Beginning with the line that holds "Watson | PetCurious" and finishing with the line that holds "Professional Mold Removal in Terra Bella, CA", repeat the listing exactly, leaving every picture out.

***

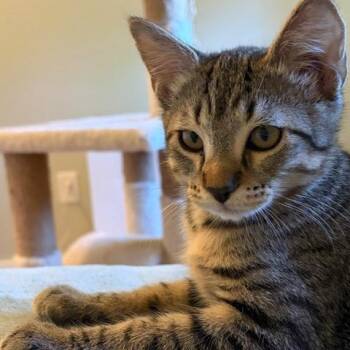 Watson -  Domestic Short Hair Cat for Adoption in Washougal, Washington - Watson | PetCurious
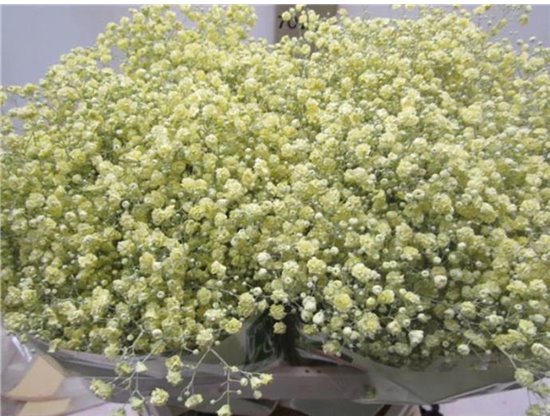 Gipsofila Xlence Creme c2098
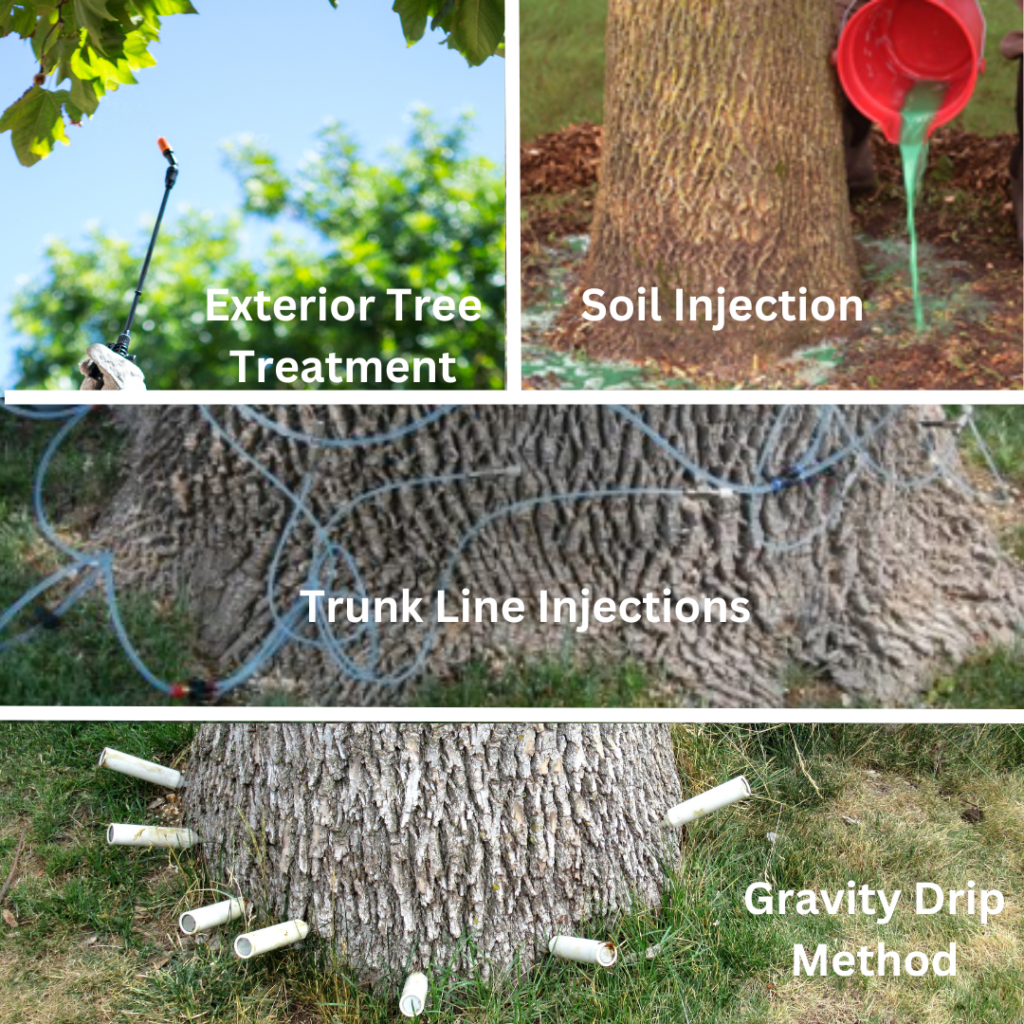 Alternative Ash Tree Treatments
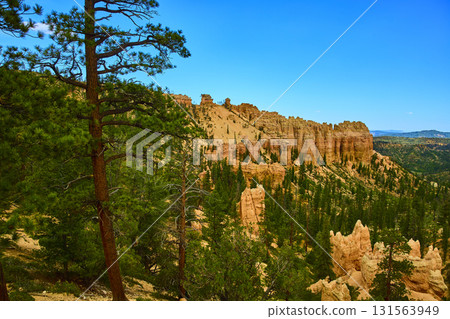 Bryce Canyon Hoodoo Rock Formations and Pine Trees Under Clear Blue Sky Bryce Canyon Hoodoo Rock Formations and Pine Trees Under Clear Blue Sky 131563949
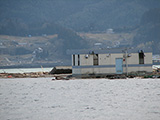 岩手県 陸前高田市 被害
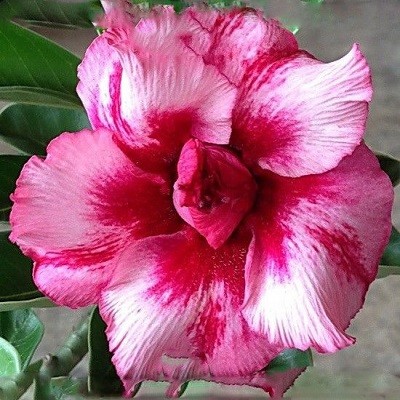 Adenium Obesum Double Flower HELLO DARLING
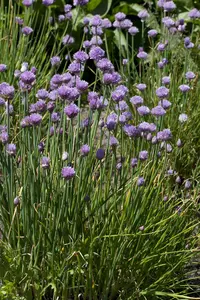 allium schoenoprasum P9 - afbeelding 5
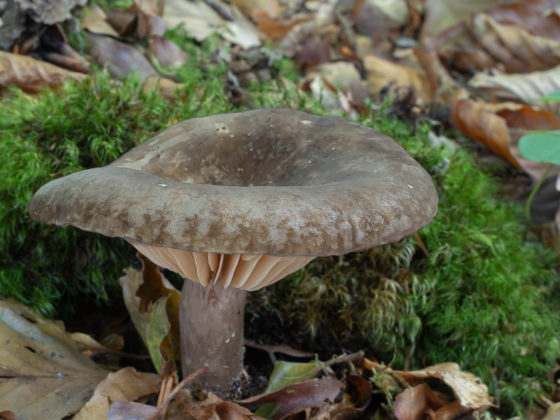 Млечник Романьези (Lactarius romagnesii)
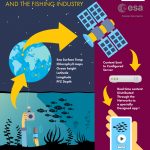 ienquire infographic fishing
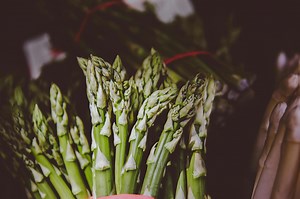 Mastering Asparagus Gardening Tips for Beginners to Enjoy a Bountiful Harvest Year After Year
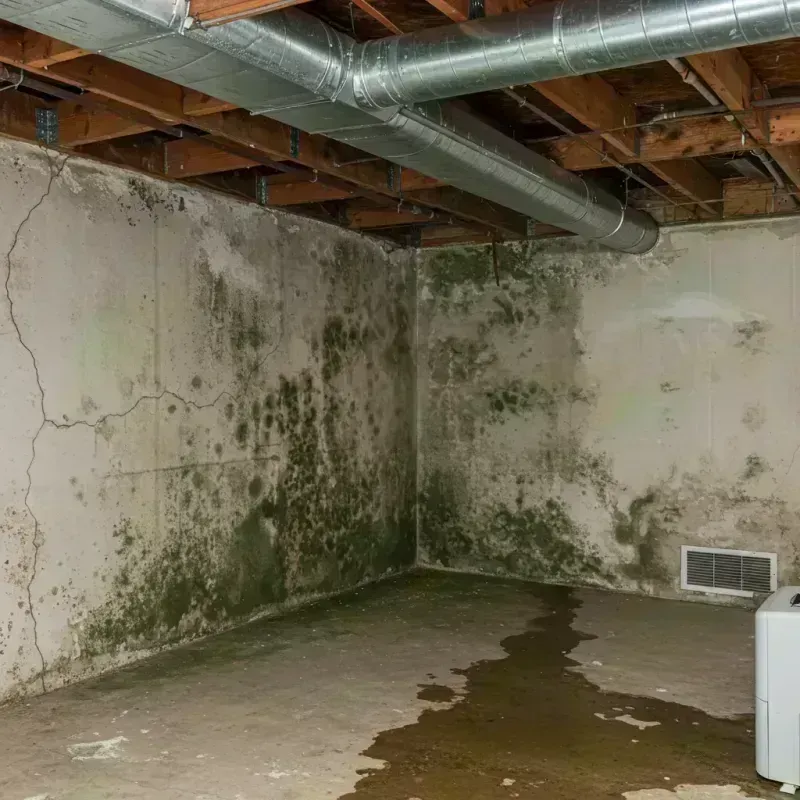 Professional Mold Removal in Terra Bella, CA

***

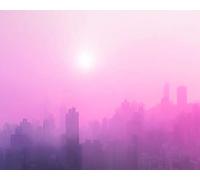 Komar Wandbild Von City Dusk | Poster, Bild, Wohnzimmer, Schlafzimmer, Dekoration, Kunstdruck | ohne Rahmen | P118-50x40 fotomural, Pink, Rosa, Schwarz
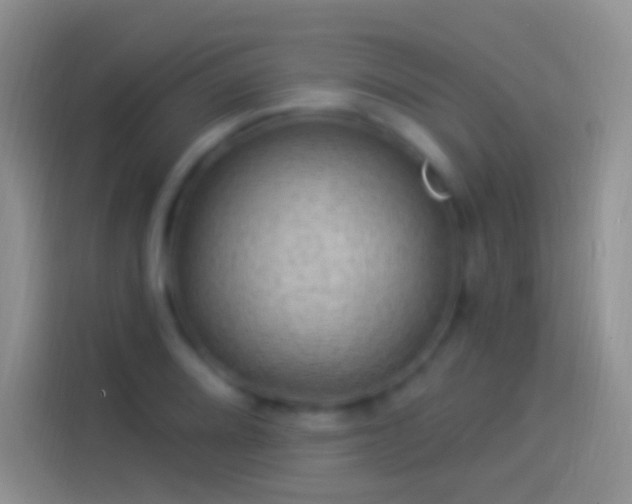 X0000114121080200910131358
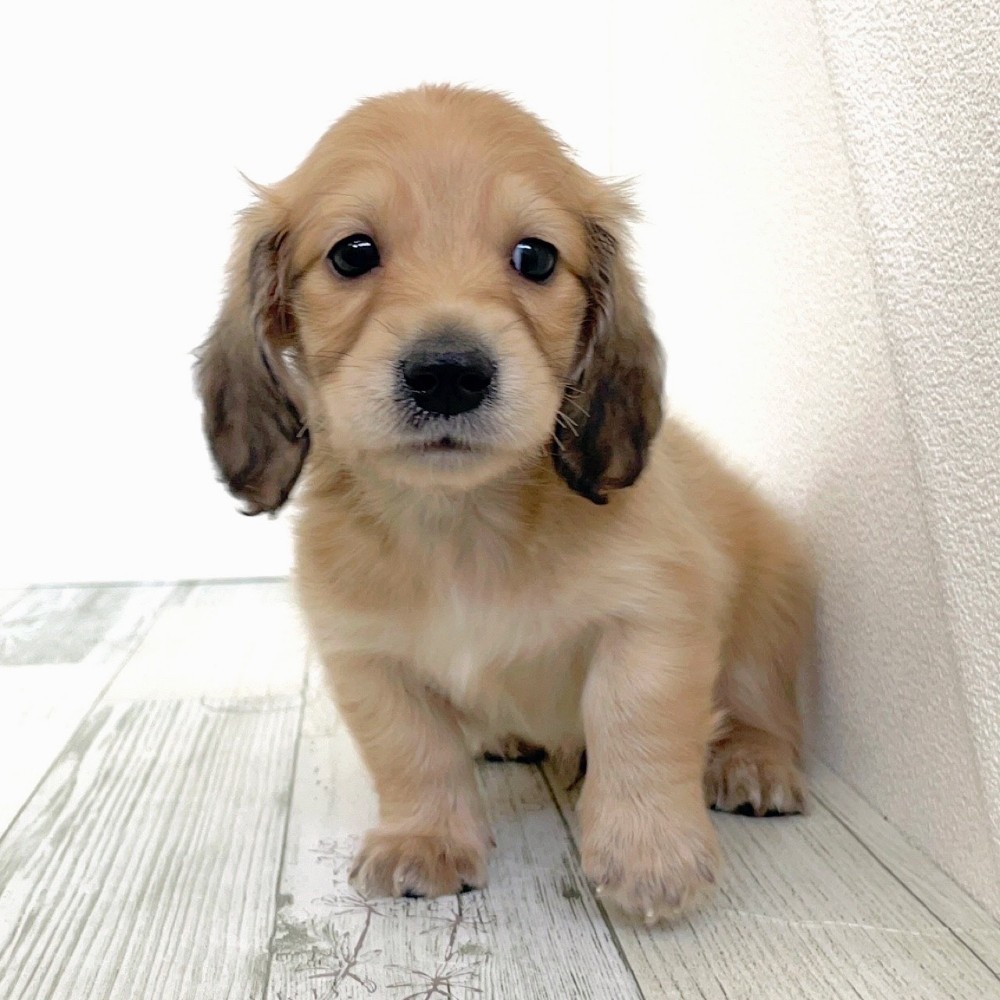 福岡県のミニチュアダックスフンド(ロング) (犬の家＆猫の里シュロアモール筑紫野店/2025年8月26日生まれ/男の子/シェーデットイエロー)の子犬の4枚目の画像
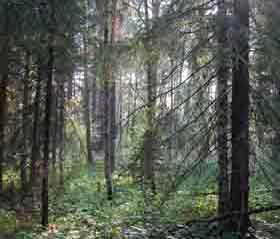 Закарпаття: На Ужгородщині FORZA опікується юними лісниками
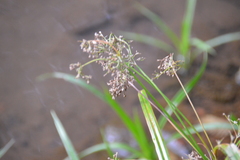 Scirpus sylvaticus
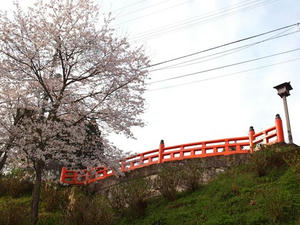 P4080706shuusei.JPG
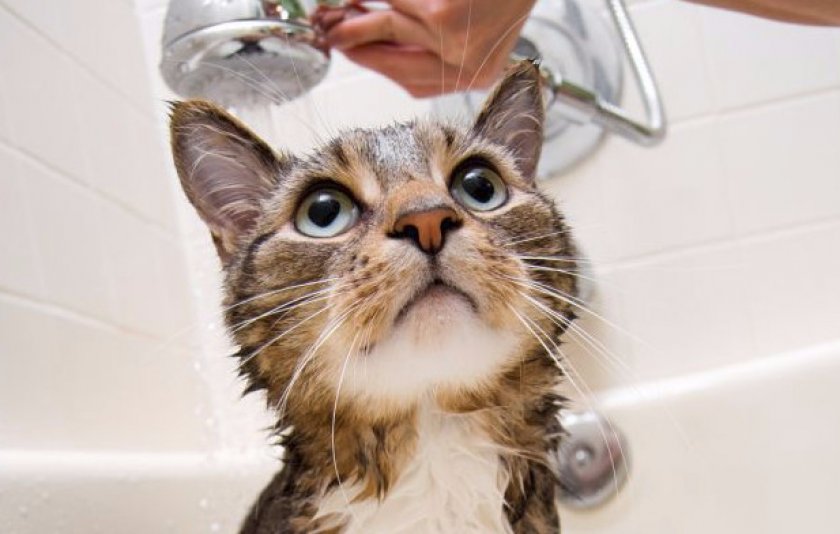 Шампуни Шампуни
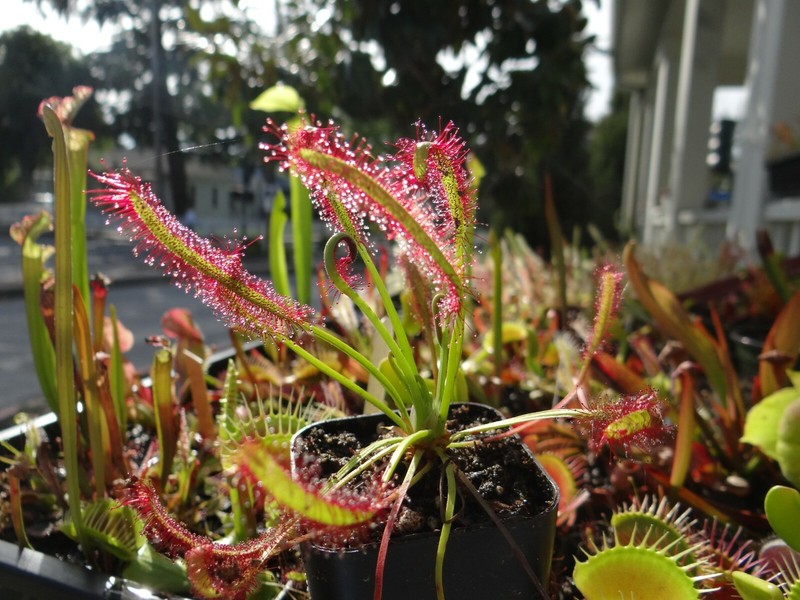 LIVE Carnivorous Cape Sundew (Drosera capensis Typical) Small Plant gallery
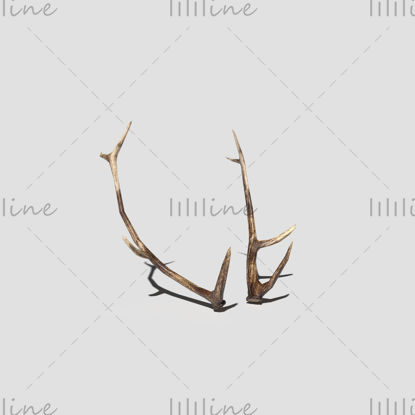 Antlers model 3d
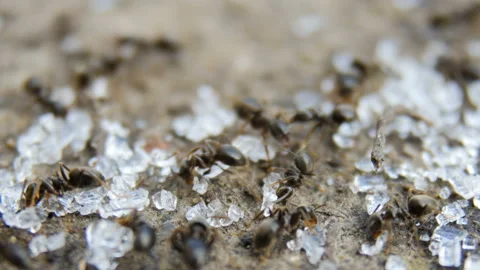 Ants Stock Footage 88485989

***

- **TASK RESULT**:
 Watson -  Domestic Short Hair Cat for Adoption in Washougal, Washington - Watson | PetCurious
 Gipsofila Xlence Creme c2098
 Alternative Ash Tree Treatments
 Bryce Canyon Hoodoo Rock Formations and Pine Trees Under Clear Blue Sky Bryce Canyon Hoodoo Rock Formations and Pine Trees Under Clear Blue Sky 131563949
 岩手県 陸前高田市 被害
 Adenium Obesum Double Flower HELLO DARLING
 allium schoenoprasum P9 - afbeelding 5
 Млечник Романьези (Lactarius romagnesii)
 ienquire infographic fishing
 Mastering Asparagus Gardening Tips for Beginners to Enjoy a Bountiful Harvest Year After Year
 Professional Mold Removal in Terra Bella, CA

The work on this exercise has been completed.